Друзья мои — это было бездарно! Ни крупицы здравого смысла за вымышленным предлогом осовременивания. Я, пожалуй, осмелюсь утверждать, что немцам превосходно удаются вещи без затей или с минимальными затеями. Например, в Берлине я был на превосходнейшей «Волшебной флейте». Затея была лишь одна — свет. Его было много, — словно по знаменитому завету, — и он был верный: праздничный, но не навязчивый. Как только немцы не удовлетворяются простотой и пытаются подпустить что-нибудь эдакое, получается скверно.

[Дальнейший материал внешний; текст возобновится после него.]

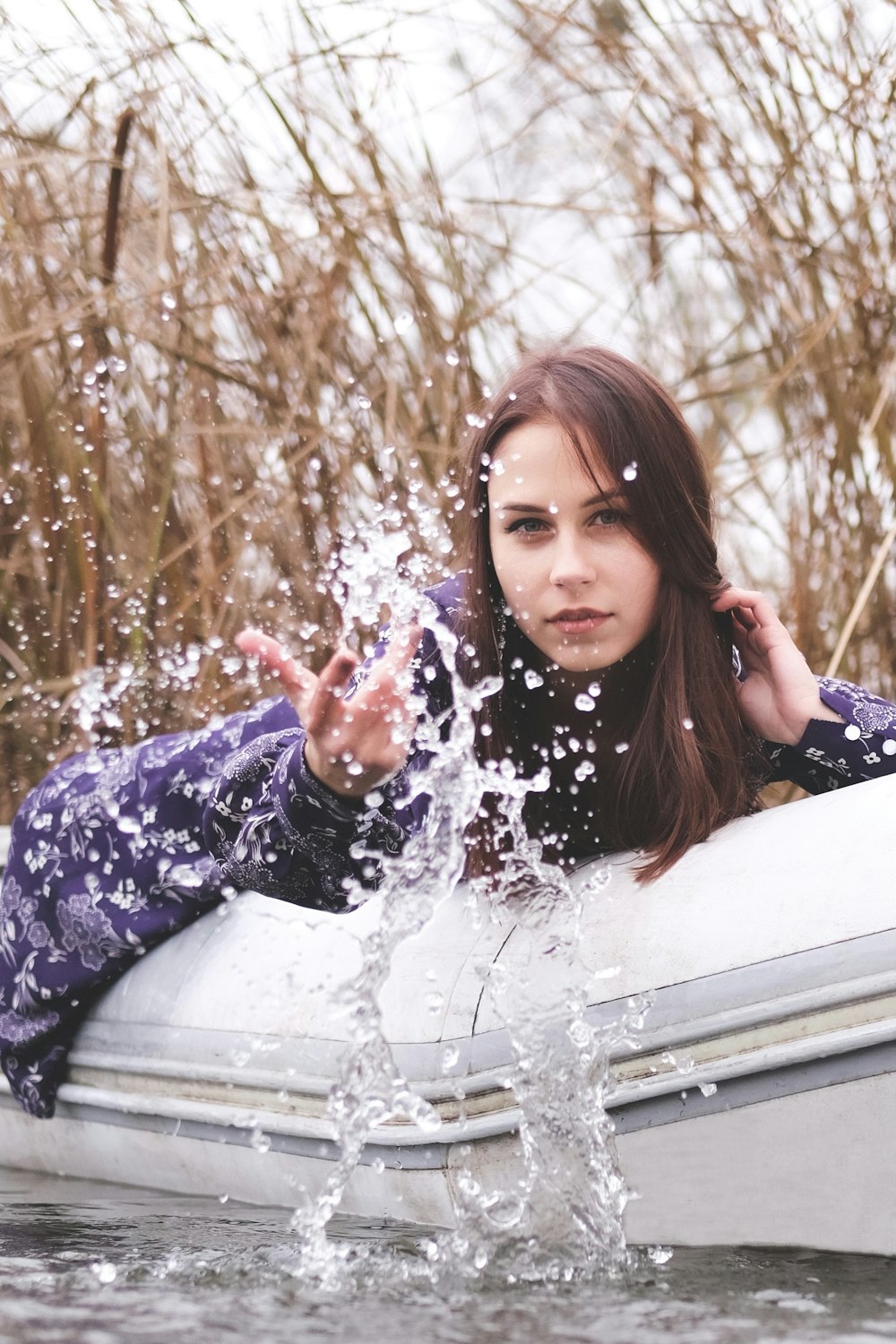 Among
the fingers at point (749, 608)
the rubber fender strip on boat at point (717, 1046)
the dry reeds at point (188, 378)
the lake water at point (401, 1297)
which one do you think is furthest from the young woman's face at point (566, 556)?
the dry reeds at point (188, 378)

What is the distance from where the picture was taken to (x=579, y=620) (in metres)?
1.79

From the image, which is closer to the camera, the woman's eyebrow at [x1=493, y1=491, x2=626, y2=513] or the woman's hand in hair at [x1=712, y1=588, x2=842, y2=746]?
the woman's eyebrow at [x1=493, y1=491, x2=626, y2=513]

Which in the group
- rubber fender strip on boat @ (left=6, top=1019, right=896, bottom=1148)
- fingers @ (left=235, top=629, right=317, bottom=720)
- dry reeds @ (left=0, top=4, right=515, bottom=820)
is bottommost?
rubber fender strip on boat @ (left=6, top=1019, right=896, bottom=1148)

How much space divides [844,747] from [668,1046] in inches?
18.0

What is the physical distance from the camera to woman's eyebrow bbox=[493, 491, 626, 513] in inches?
69.8

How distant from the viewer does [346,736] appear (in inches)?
64.9

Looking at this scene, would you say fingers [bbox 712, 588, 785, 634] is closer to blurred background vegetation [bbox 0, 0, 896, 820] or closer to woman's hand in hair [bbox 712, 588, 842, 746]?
woman's hand in hair [bbox 712, 588, 842, 746]

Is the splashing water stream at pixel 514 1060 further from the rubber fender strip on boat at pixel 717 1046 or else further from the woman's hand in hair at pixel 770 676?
the woman's hand in hair at pixel 770 676

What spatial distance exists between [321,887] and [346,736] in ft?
1.09

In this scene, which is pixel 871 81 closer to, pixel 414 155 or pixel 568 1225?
pixel 414 155

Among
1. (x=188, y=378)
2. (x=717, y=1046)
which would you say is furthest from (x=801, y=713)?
(x=188, y=378)

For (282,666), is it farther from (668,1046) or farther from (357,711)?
(668,1046)

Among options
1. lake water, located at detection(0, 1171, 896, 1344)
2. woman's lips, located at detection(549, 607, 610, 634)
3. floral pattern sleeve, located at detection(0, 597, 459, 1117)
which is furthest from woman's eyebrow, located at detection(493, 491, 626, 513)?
lake water, located at detection(0, 1171, 896, 1344)

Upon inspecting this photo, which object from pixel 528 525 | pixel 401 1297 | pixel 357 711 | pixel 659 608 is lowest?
pixel 401 1297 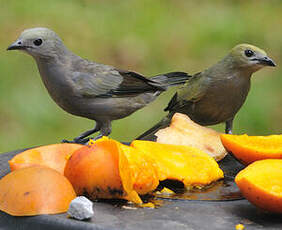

Такое впечатление произвел на меня и их павильон на всемирной выставке 2000 года — в том же Ганновере. Мне казалось интересным посетить хотя бы одну всемирную выставку, и ее привязанность к смене тысячелетий выглядела многообещающей. Огромный немецкий павильон строился на мотиве лабиринтов, причем, чтобы попасть из одного лабиринта в другой, нужно было стоять и ждать, пока тебя туда в надлежащий, по замыслу устроителей, момент пустят. Первые отсеки не сулили ничего интересного, и у меня не было охоты на каждом тридцатом шагу останавливаться и ждать — весь мир был на этой выставке! Я ушел и порадовался за итальянцев, которые изысканно и элегантно представили Италию страной великих изобретателей и физиков, от Леонардо и Галилея до Маркони и Ферми. Не меньше я порадовался за французов, которым удалось прочувствовать и показать романтическую сторону современной цивилизации, за китайцев, которые, подчеркнув свою устремленность в будущее, выставили себя великой космической державой, и за многих других. (В российском павильоне главным экспонатом был портрет нового президента; он смотрел на посетителей по-доброму и обращался к ним со словами приветствия.)